Mr. Karim Asad Ahmad Khan, Special Adviser of the Investigative Team addressing the UN Security Council meeting on the situation in Iraq.
UN Photo/Loey Felipe
Mr. Karim Asad Ahmad Khan, Special Adviser of the Investigative Team addressing the UN Security Council meeting on the situation in Iraq.

Survivors of ISIL terror in Iraq want justice, not revenge, says head of UN investigation team

Peace and Security

The scale and barbarity of the crimes committed by ISIL have ultimately served not to divide but to unify, Karim Asad Ahmad Khan, head of the UN Investigative Team to Promote Accountability for Crimes Committed by Da’esh/Islamic State in Iraq and the Levant (UNITAD), told the Security Council on Monday. 
 

Mr. Khan was delivering his second report on the activities of UNITAD, during which he confirmed that his team has made “significant progress” in implementing its’ mandate, and that he expects investigators to provide concrete support for at least one case before the national courts, marking an “important milestone” in the delivery of their mandate. 

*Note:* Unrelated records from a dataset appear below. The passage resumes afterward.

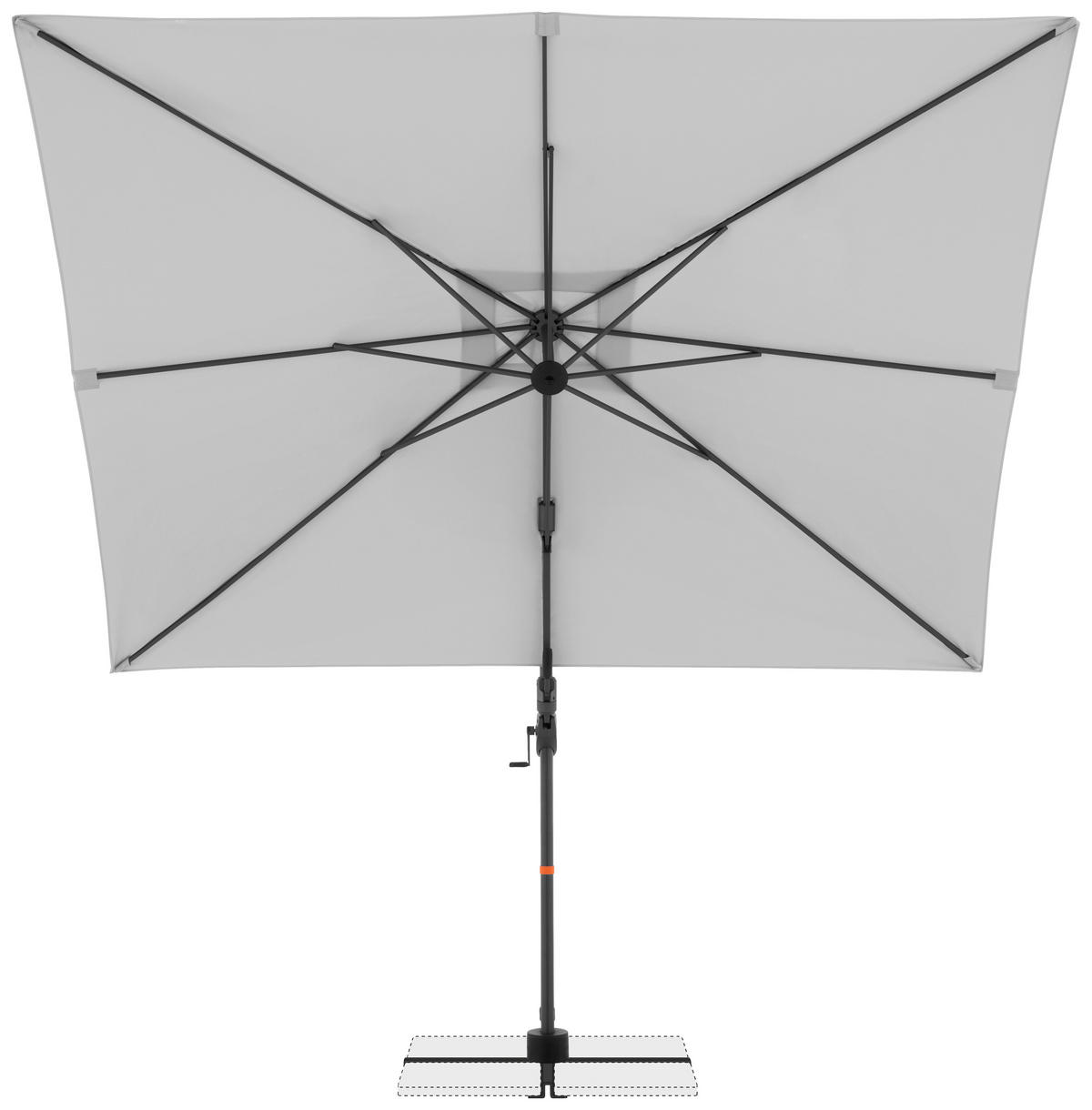 AMPELSCHIRM 300x240 cm  - Anthrazit/Hellgrau, Basics, Textil/Metall (320/240cm) - Doppler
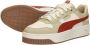 PUMA Carina Street Lux Dames Sneakers Alpine Snow-Mars Red-Toasted Almond - Thumbnail 7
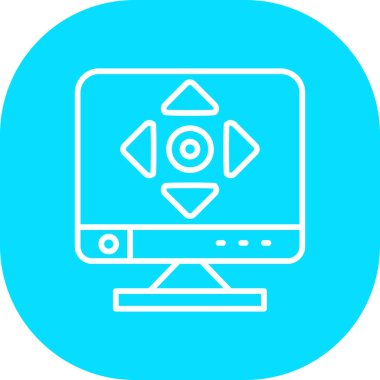 izleyici ikon vektör illüstrasyonu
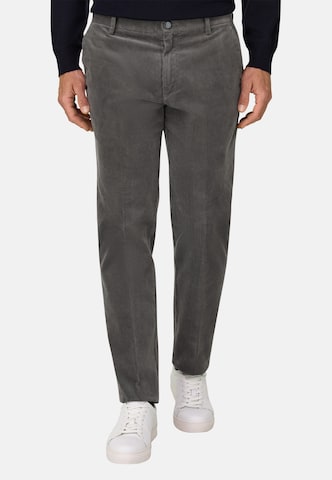 Boggi Milano Slim fit Chino trousers in Grey: front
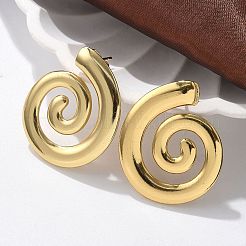 304 Stainless Steel Stud Earrings for Women&nbsp;EJEW-L296-007G-02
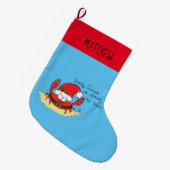 Funny Christmas Cartoon Cooking Gewürze Großer Weihnachtsstrumpf (Vorderansicht (hängend))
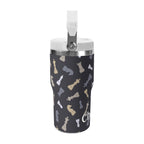 Personalised Chess Pattern 20oz Stainless Steel Tumbler Screw On Lid With Straw Personalised 20oz Tumbler with Top Handle Chess Games Printed Offshore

The team, he said, had heard harrowing accounts of “mass killings, of entire families erased and of women and girls taken as slaves”.  

He added that their courage in coming forward served to underline both “their continued heroism and the urgency with which we must work in order to deliver meaningfully on the promise made to them”, referring to the 2017 Security Council resolution that led to the creation of UNITAD. 

The message of the survivors — from Shia, Sunni, Yazidi, Christian, Kaka’i, Shabak and Turkmen communities — is that ISIL fighters must face justice, not revenge, he stated. 

Civilians foraging near the Mosul University Presidency building, which bears the scars of fighting between Iraqi troops and ISIL militants.(file photo)
OCHA/Themba Linden
Civilians foraging near the Mosul University Presidency building, which bears the scars of fighting between Iraqi troops and ISIL militants.(file photo)

‘Significant progress’ being made 

The progress that Mr. Khan referred to during his briefing includes putting in place core staffing, facilities and evidence collection practices; the employment of 79 staff members in Iraq – including criminal investigators, analysts, witness protection experts and forensic scientists – 55 per cent of whom are women; and the collection of documentary, digital, testimonial and forensic material is now being collected. 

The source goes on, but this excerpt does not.